Les Nains ont découvert et extrait un ultime gisement d’or, ce qui n’a pas manqué d’attirer une horde de Peaux Vertes qui a lancé un assaut contre les hautes murailles de l’antique forteresse… Tôt ou tard, orcs, trolls et gobelins viendront à bout de leur héroïque défense… Aussi, tout en luttant sur les murailles Runedar pour repousser les vagues ennemies, les Nains percent la montagne pour creuser une galerie dont ils ont le secret et s’échapper avec leur or…
Les joueurs vont devoir coopérer pour retenir les vagues successives de Peaux Vertes tout en creusant le tunnel…
Règles et matériel
Les amateurs d’héroïc-fantasy en général et de l’œuvre de J.R.R. Tolkien en particulier seront sans nuls doute émoustillés tant par la thématique du récit que par l’ingénieux et foisonnant matériel… Ornant la boîte, l’illustration de Andrew Bosley donne d’emblée le ton mais c’est bien la façon si particulière d’utiliser la boîte et le thermoformage qui confèrent au jeu un indéniable attrait : la boîte elle-même sera la forteresse, le cartonnage ses murailles et le thermoformage ses torus et ses créneaux, ses ateliers et sa salle au trésor, sans oublier la galerie que les nains percent sous la montagne… Les différentes ressources (peaux, bois, minerais et or) sont eux aussi de toute beauté et les figurines, certes en carton, s’avèrent, elles aussi, de très belle facture, de même que les cartes joliment illustrées, immergeant les joueurs dans un univers épique…

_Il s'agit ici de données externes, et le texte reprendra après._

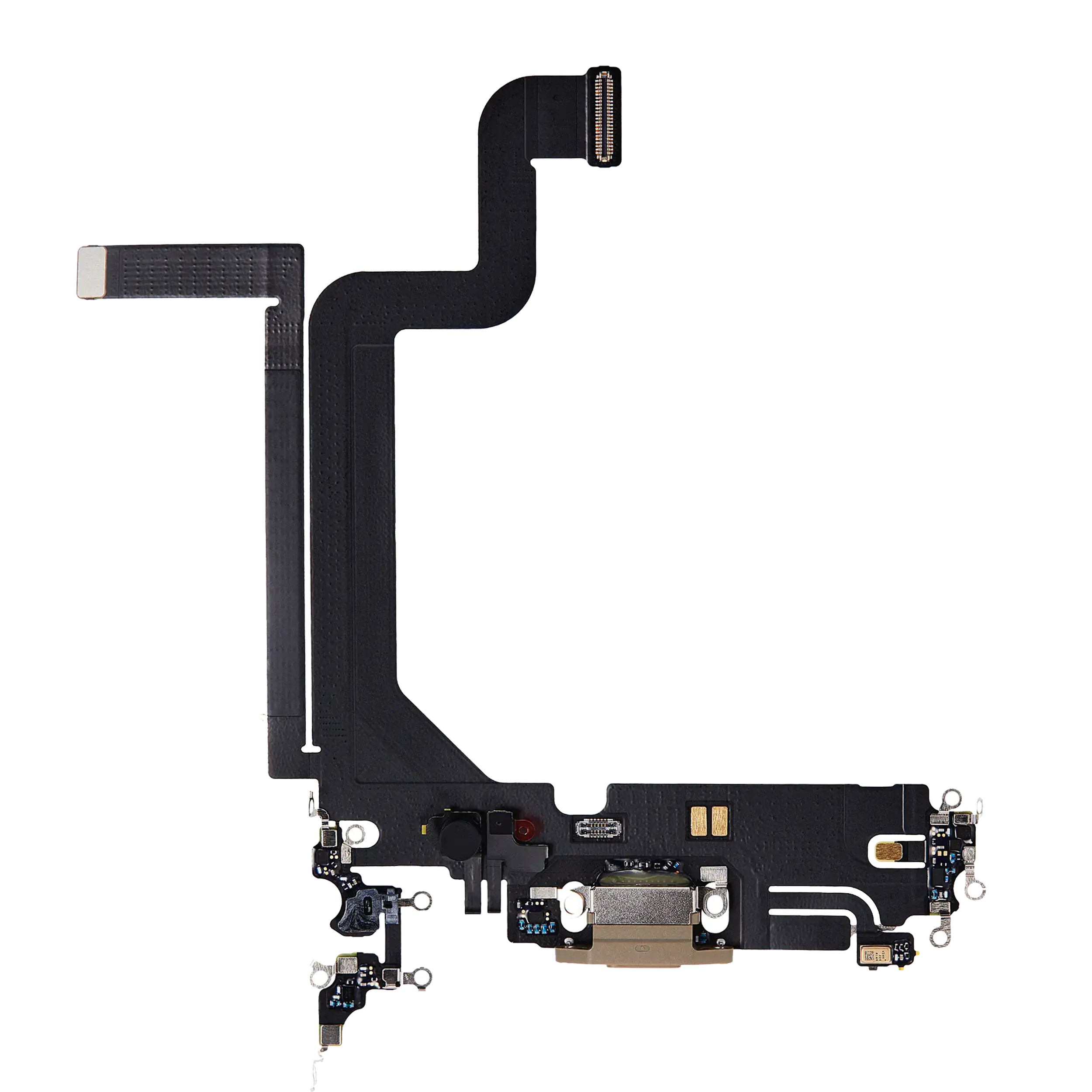 Charging Port Flex Cable For iPhone 14 Pro Max (Premium) (Gold) - Image 15
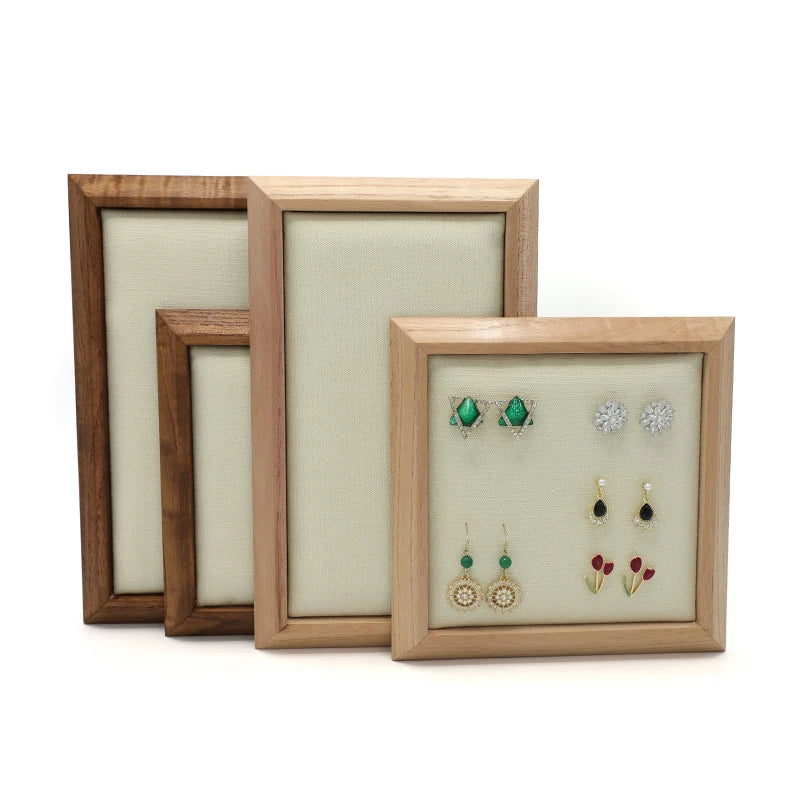 FADELI Luxury Minimalist Jewelry Wooden Display Jewelry Showcase Display Sets Earring Packaging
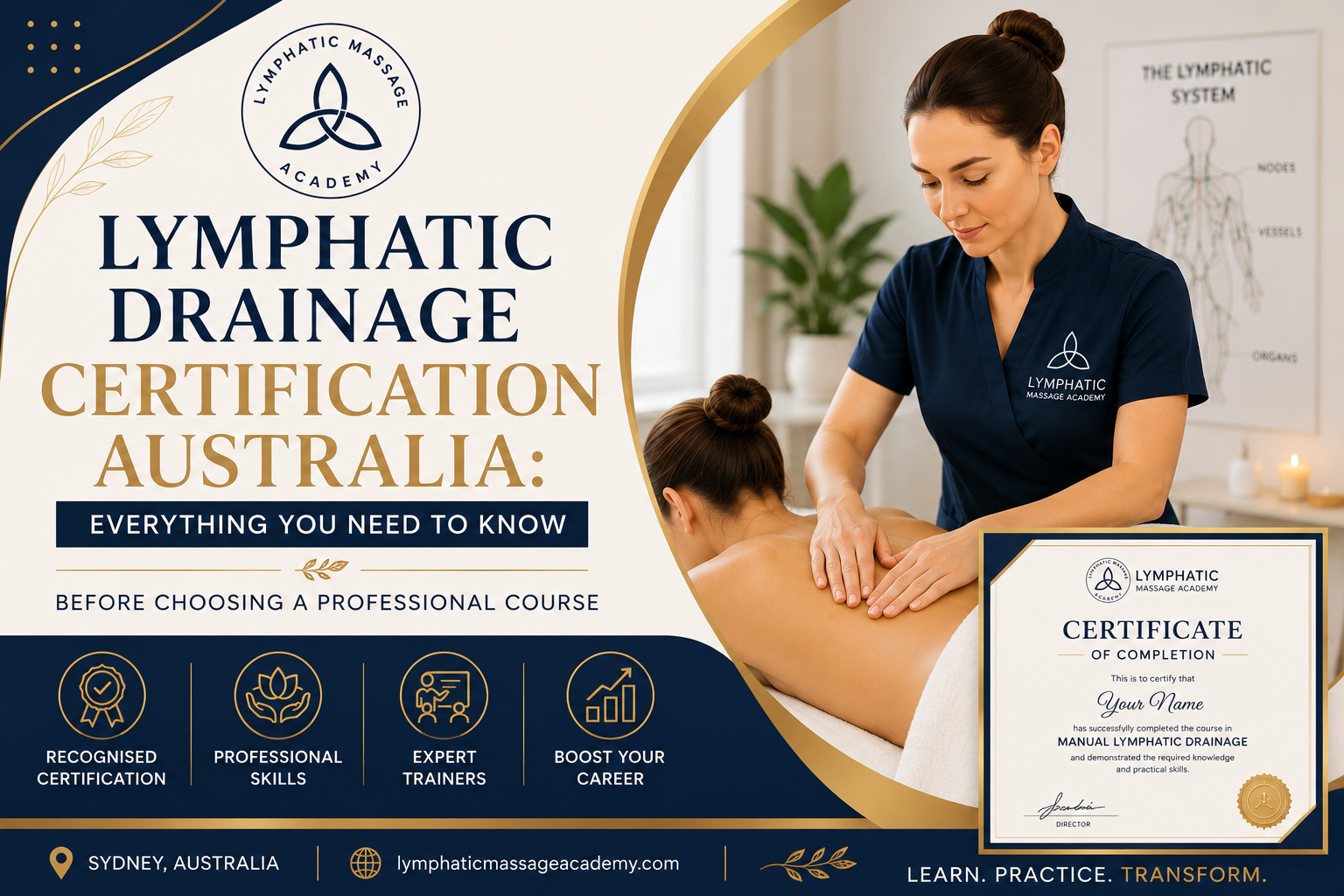 Lymphatic Drainage Certification Australia: Everything You Need to Know Before Choosing a Professional Course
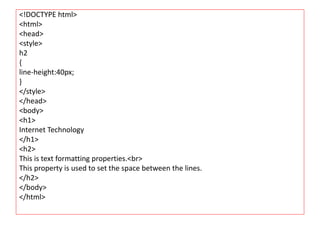 Css Text Formatting | PPTX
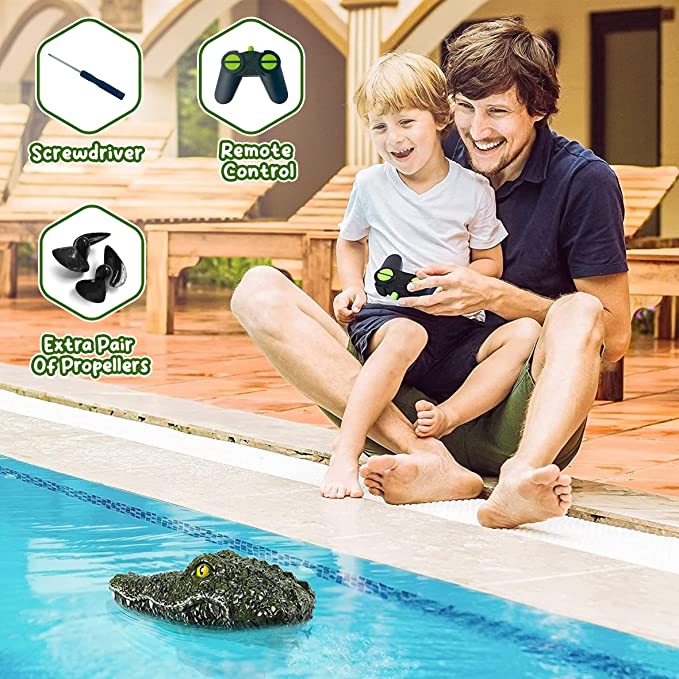 Alligator Head Boat Remote Control  Interactive Toy for Kids and Adults Includes Gator Head and Remote Control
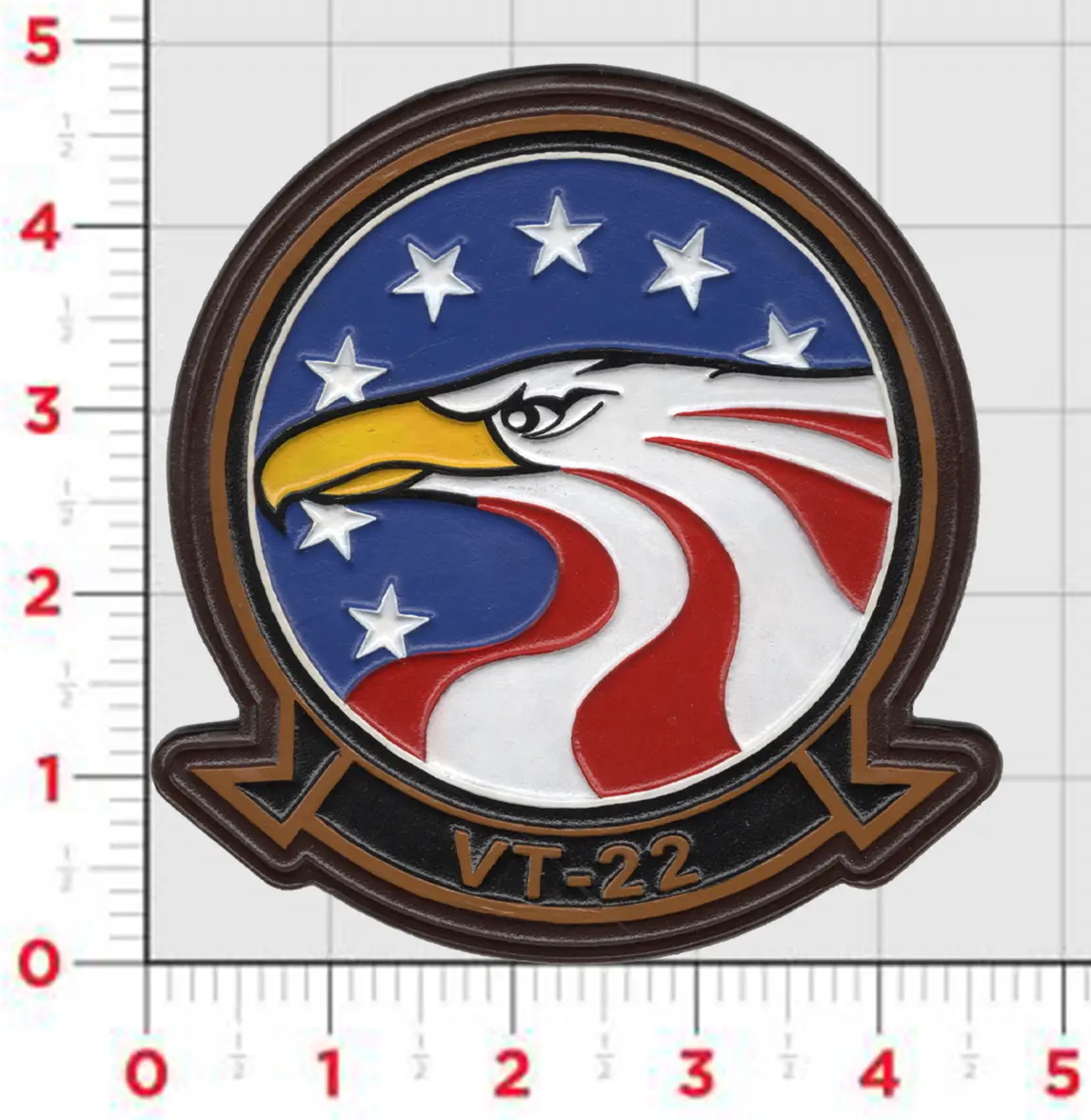 Officially Licensed Us Navy Vt-22 Golden Eagles Leather Patch 1
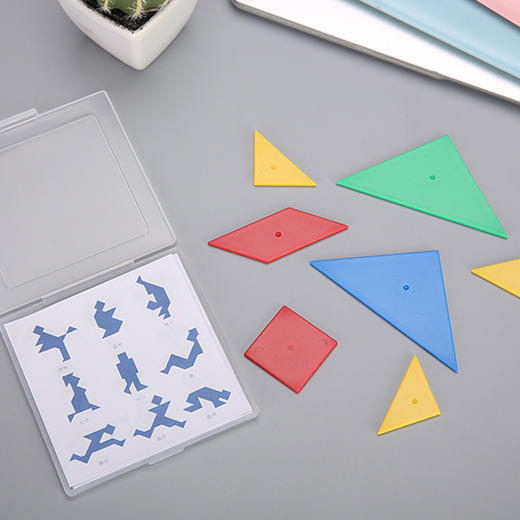 （清仓特价）晨光APK99904图形认知板 3岁以上适用学生教具七巧板三角形正方形平行四边形认知 商品图1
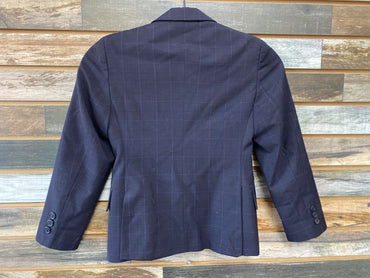USED  Youth English Show Coat 10S Navy Blue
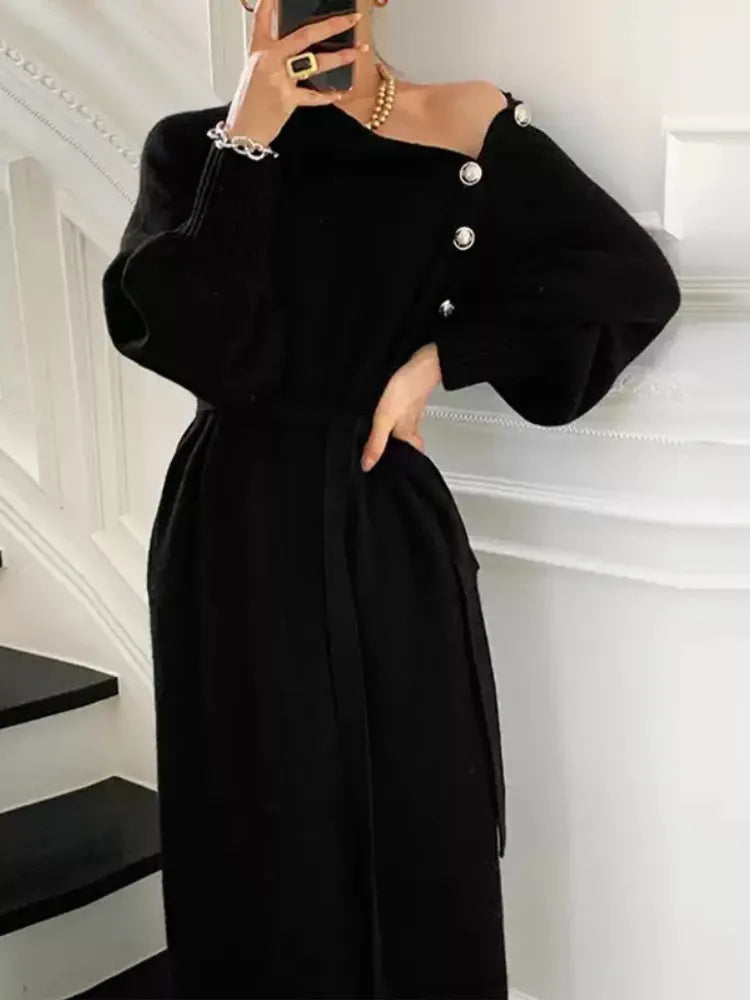 Rian Knitted Dress | Vintage & Warm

Le livret de règles (16 pages tout de même) s’avère clair et sa lecture est pour particulièrement fluide… Le quatrième de couv, qui ne propose qu’une simple illustration reprenant celle du dos des cartes Nains, aurait gagné à proposer un résumé des règles qui aurait pu servir de référent pour les premières parties. Mais c’est bien là le seul reproche à faire à ces règles… Un QR code permet par ailleurs d’avoir accès à une vidéo présentant les mécanismes du jeu… Elle est pas belle la vie ?
Contenu de la boîte : une puissante Forteresse, 35 cartes Amélioration (15 niveau 1, 10 niveau 2, 10 niveau 3), 50 cartes de Siège, 2 Gobelins, 10 Orcs, 4 Trolls, 1 Catapulte, 1 Tour de Siège, 5 cartes Catapulte, 5 cartes Mercenaire, et, pour chacun des 4 joueurs : 12 cartes de départ et une silhouette cartonnée Nain
Déroulement d’une partie
Mise en place
Passée la première partie (et l’assemblage des différents éléments à grand renfort de scotch double-fac), la mise en place du jeu s’avère plutôt fluide car dictée par un matériel bien pensé : les ressources sont mises à l’emplacement prévu dans la forteresse, chaque joueur prend son deck de cartes (le mélange, défausse 2 cartes sous sa tuile Personnage et pioche 5 cartes pour constituer sa main).
Déroulement
A son tour de jeu, le joueur doit :
1Activer la Tour de Siège et / ou la Catapulte si elle est dans sa zone de jeu.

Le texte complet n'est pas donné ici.